After 13 years, the pioneering bikeshare program is "suspending" operations, unloading equipment, and shutting down all of its stations.

four green nice ride bikes at a station in the north loop of minneapolis
Chris on Flickr|

No more mister Nice Ride.

When the Nice Ride program launched in Minneapolis in 2010, executive director Bill Dossett says there was "just no idea" if Americans would go for a bikeshare system. The concept of "shared micromobility" barely existed—even in European cities, the idea was just getting off the ground.

"At the time, people thought we were crazy," Dossett chuckles. "They thought all the bikes were going to be destroyed within a couple years. And so it feels really great that here we are, after 13 seasons... we feel terrific that today, young people just grow up expecting this—it's a part of the landscape."

Nice Ride smashed ridership records in 2021, when more than 70,000 riders completed 533,000 trips on the program's green bikes, scooters, and e-bikes. The 2022 season included a "banner September" in which ridership jumped 54%, largely thanks to equity programs like Nice Ride for All and new enrollment from University of Minnesota students.

But in November, Nice Ride's primary sponsor, Blue Cross Blue Shield, announced it was pulling its financial support from the nonprofit program for the upcoming season. (Hey, the rapacious health insurance giant only made $557.6 million in 2021.) Transportation advocacy org Move Minnesota sounded the alarm that without a new sponsor or public funding, Nice Ride was facing a $2 million budget shortfall, and its future was at risk. And in February, Nice Ride alerted its public partners about "the ending of our bike share pilot project and... the planned disposition of equipment."

A spokesperson for Lyft, which secured the city contract to manage and operate Nice Ride in 2018, sent Racket the following statement:

"We have made the tough decision to suspend our operations of the Nice Ride system at the completion of our one-year license after losing the system's presenting sponsor. Since losing the presenting sponsor, we have worked tirelessly to find a new sponsor but have not been successful. We will continue to work with our local partners to look for opportunities to provide service again in the future.”


The suspension of Nice Ride includes the bikes, e-bikes, and scooters.

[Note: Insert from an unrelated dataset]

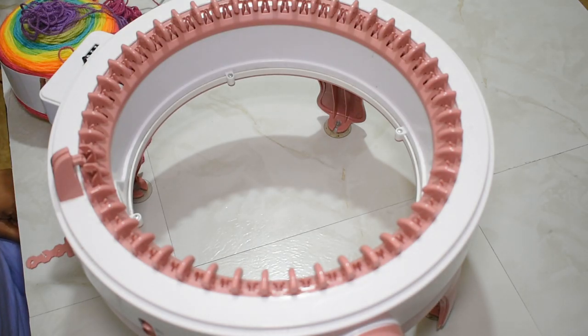Hello everybody, welcome to another video. My name is Infinity and today I am back with another central knitting machine tutorial. Today I'm going to be showing you guys how I make reversible hats on the central knitting machine.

Lyft says it will begin removing Nice Ride stations once weather allows for it.

Though the rideshare company and its partners undertook a "rigorous search" for a new sponsor, they've been unable to lock one in, nor have they been able to secure temporary public funding to float the program and cover operating losses as the search continues.

Lyft representatives note that the Nice Ride model initially relied on a combination of sponsorship and public support under a long term program agreement with an operator. But conditions have changed in recent years: The city of Minneapolis has moved to a one-year license agreement model, public and sponsorship funds have dried up, and the number of operators has grown to make it more difficult to secure a sponsor.

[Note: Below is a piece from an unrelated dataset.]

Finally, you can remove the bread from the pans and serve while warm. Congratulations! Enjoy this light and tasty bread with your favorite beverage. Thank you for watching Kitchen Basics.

The company says it's not currently in a position to ramp up operations of the program this spring without the support of partners, "a critical component in all of our markets with a healthy operating model."

Dossett adds that the existing equipment—the heavy bikes and stations—are probably not the right fit for Minneapolis, where, unlike in bigger cities like New York, the usage (while climbing) isn't quite high enough to justify the cost associated with maintaining the equipment. What's more, when the pilot launched in June of 2010, they predicted that the bikes would last for five years, and the stations for 10.

"I do not expect the heavy stations to come back. And this particular group of bikes—they've been around for a long, long time," he says, adding that they're exploring options including using the bikes for parts in other systems.

Dosset says you can still expect other shareable scooters, and possibly bikes, to hit the streets this year, operating on the annual permit basis the city has implemented. He notes they're not the biggest fan of this system—they'd prefer the city partner with one or two vendors on a more longterm basis.

(Update, March 1 at 5 p.m.: The city of Minneapolis responded to Racket's request for comment with the following statement: "The City is disappointed that Lyft could not find a new private sponsor to support their operation of the Nice Ride system. Regardless of the outcome, the City has other licensees in the Shared Bike and Scooter Program interested in providing shared bikes, ensuring that the city will have bikes in the program this upcoming season.")

While Lyft says it's continuing its search for new financial partners, Dossett thinks it's unlikely they'll land one—hence their notice to public partners about the end of the program. He says he and the Nice Ride board feel lucky to have had support in this "huge experiment" from groups as big as the Federal Highway Administration, Blue Cross, and the National Parks Service.

"You know, it is emotional. I have lots of nonprofit board members who have been on the board since it began in the winter of 2009," Dossett says. "It's been a long time that we've been working on this stuff."

"It's been hugely fun and very surprising—it's gone in directions we never expected," he concludes. "We've gotten huge support from the community—we've had small businesses that supported us for years, and people that really supported the brand and saw it as part of creating a vital downtown. And that has just been really fun."